* [PROBLEM REQUIREMENTS]
Take the line with "Camisa de panilla" as the first and the last line of the data as the end. Write out both and every line between exactly, except pictures.

[Collected data]
========

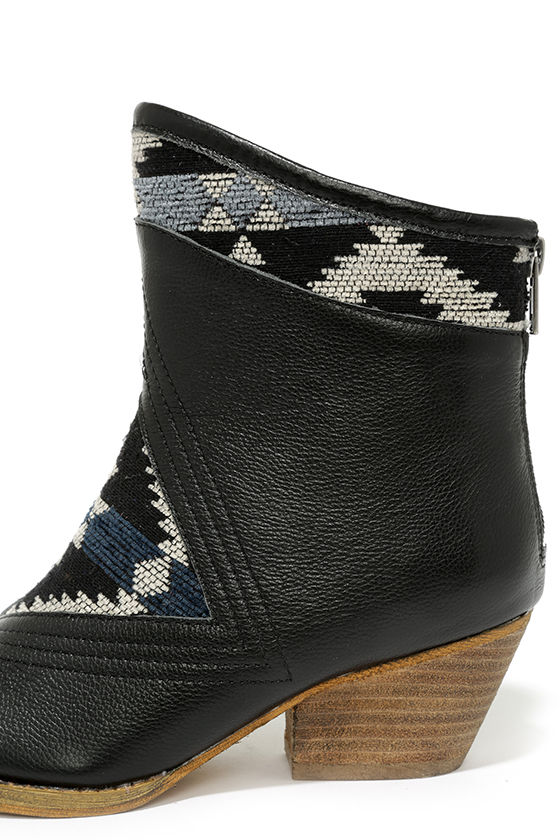 Sbicca Sookies Black Southwest Ankle Boots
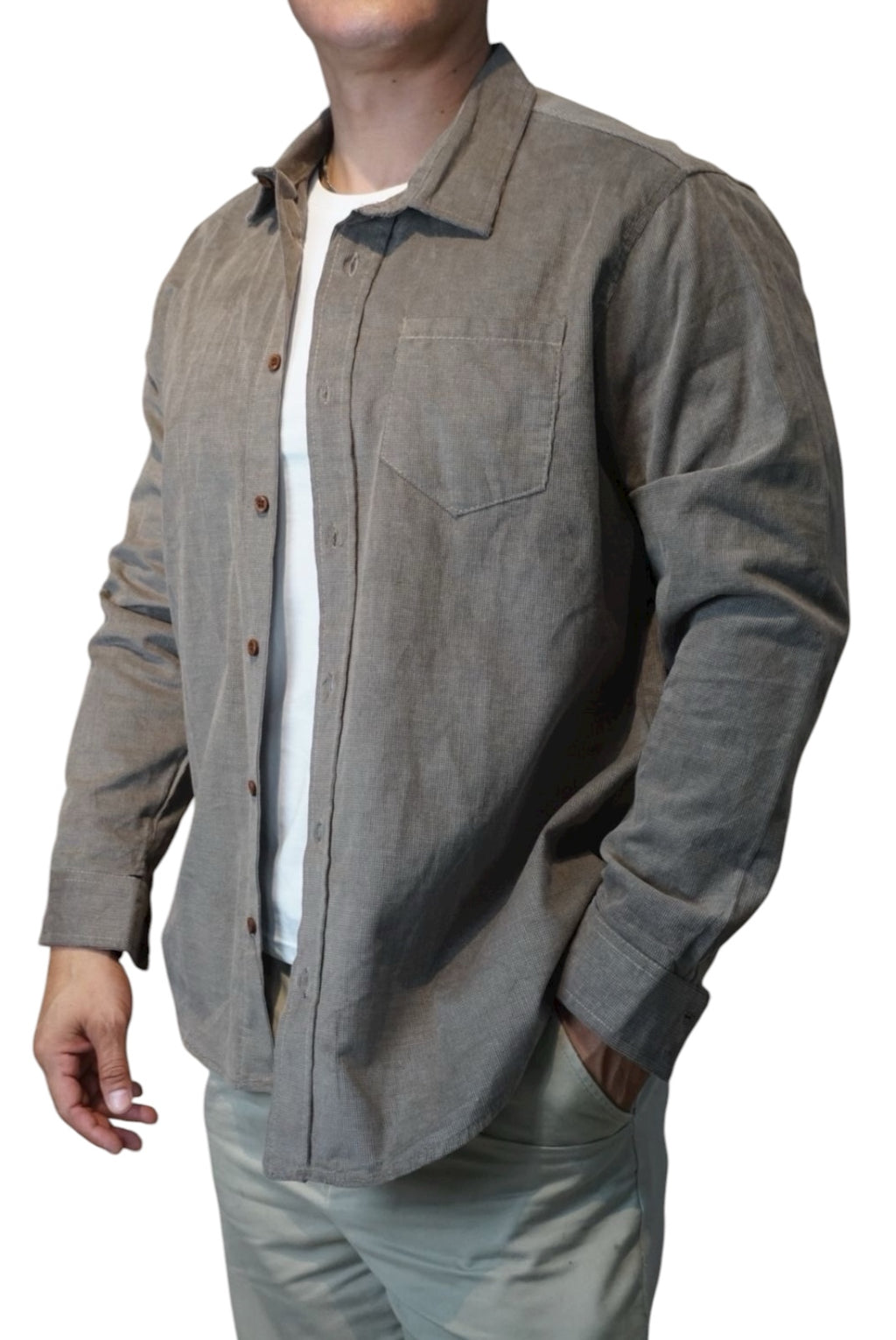 Camisa de panilla manga larga Agnor para caballero beige premium Mod. HAgCL28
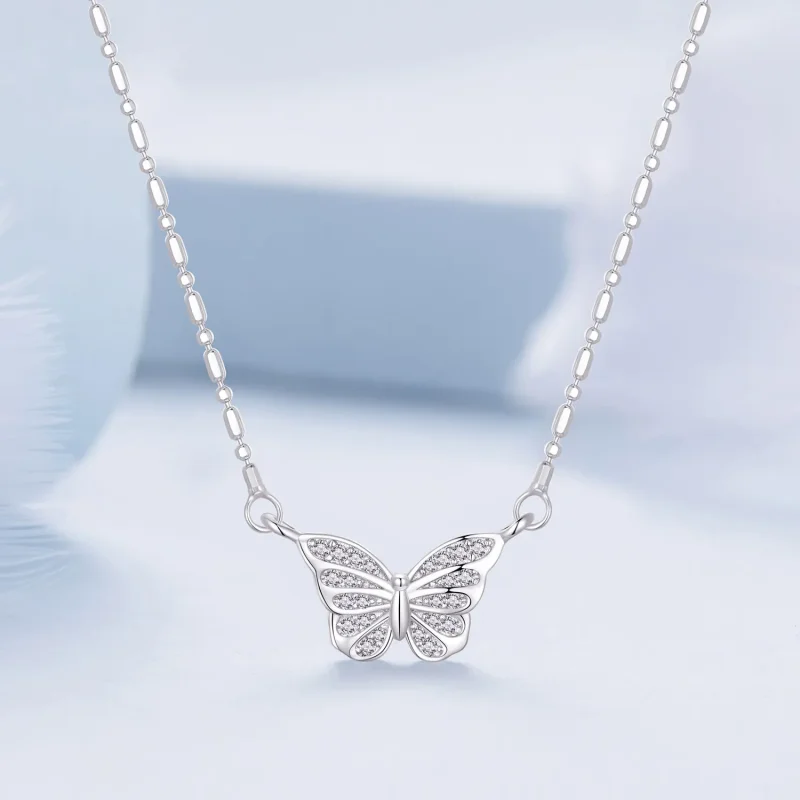 (imagine pentru) Colier inteligent în stil Pandora cu fluture - BSN352 - Vizualizare 3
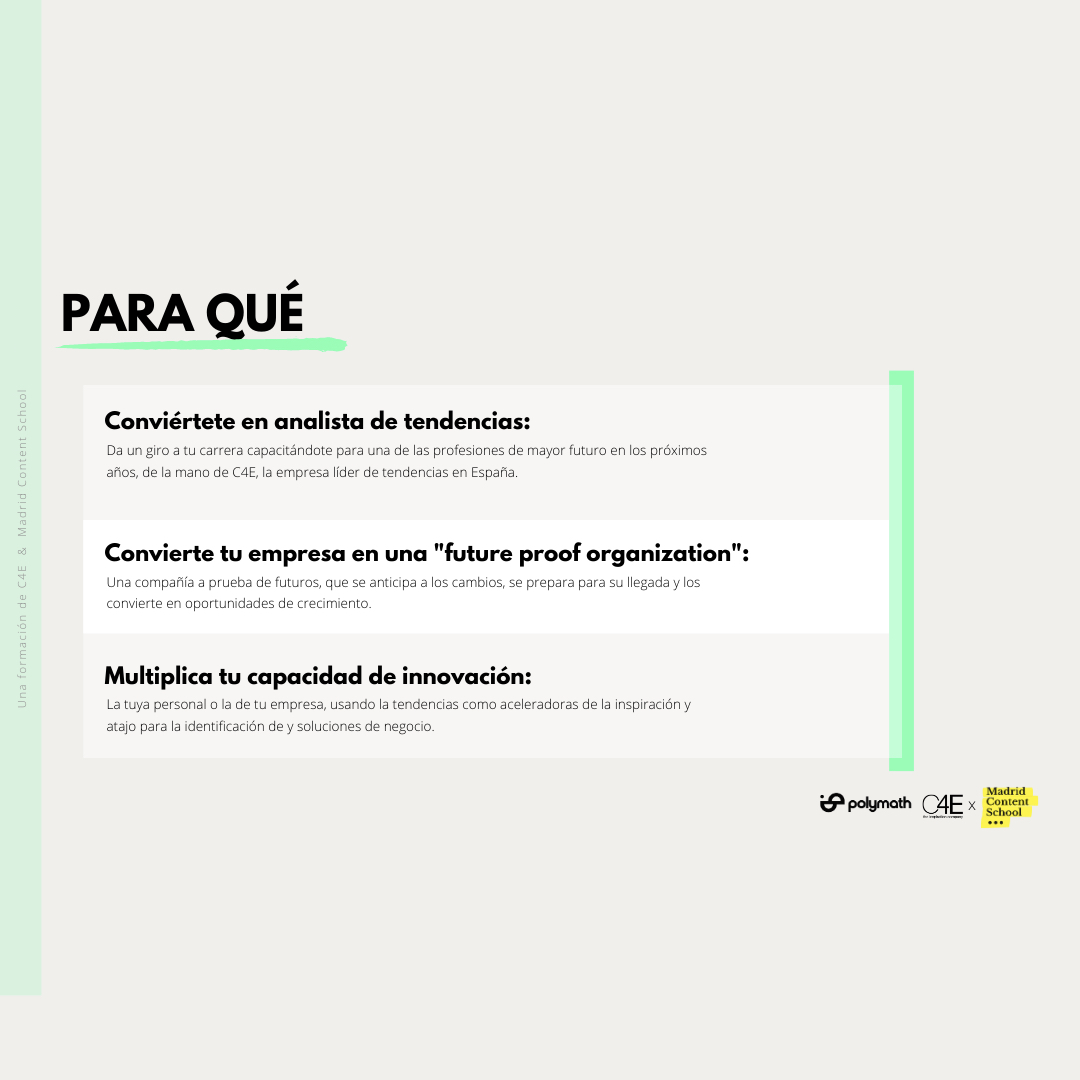 PolymathMx's tweet photo. Te invitamos al curso TRENDvolution que organizan nuestros amigos de C4E y Madrid Content School. ❤️

Impartido por colegas prospectivistas profesionales.

Sesiones online que s puede seguir de manera asincrónica.😍

¡Ahí nos vemos! 🌍 🇪🇸

#Change #StrategicForesight #Polymath https://t.co/NdAPgy98i1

========

* [EXPECTED ANSWER]
 Camisa de panilla manga larga Agnor para caballero beige premium Mod. HAgCL28
 (imagine pentru) Colier inteligent în stil Pandora cu fluture - BSN352 - Vizualizare 3
 PolymathMx's tweet photo. Te invitamos al curso TRENDvolution que organizan nuestros amigos de C4E y Madrid Content School. ❤️

Impartido por colegas prospectivistas profesionales.

Sesiones online que s puede seguir de manera asincrónica.😍

¡Ahí nos vemos! 🌍 🇪🇸

#Change #StrategicForesight #Polymath https://t.co/NdAPgy98i1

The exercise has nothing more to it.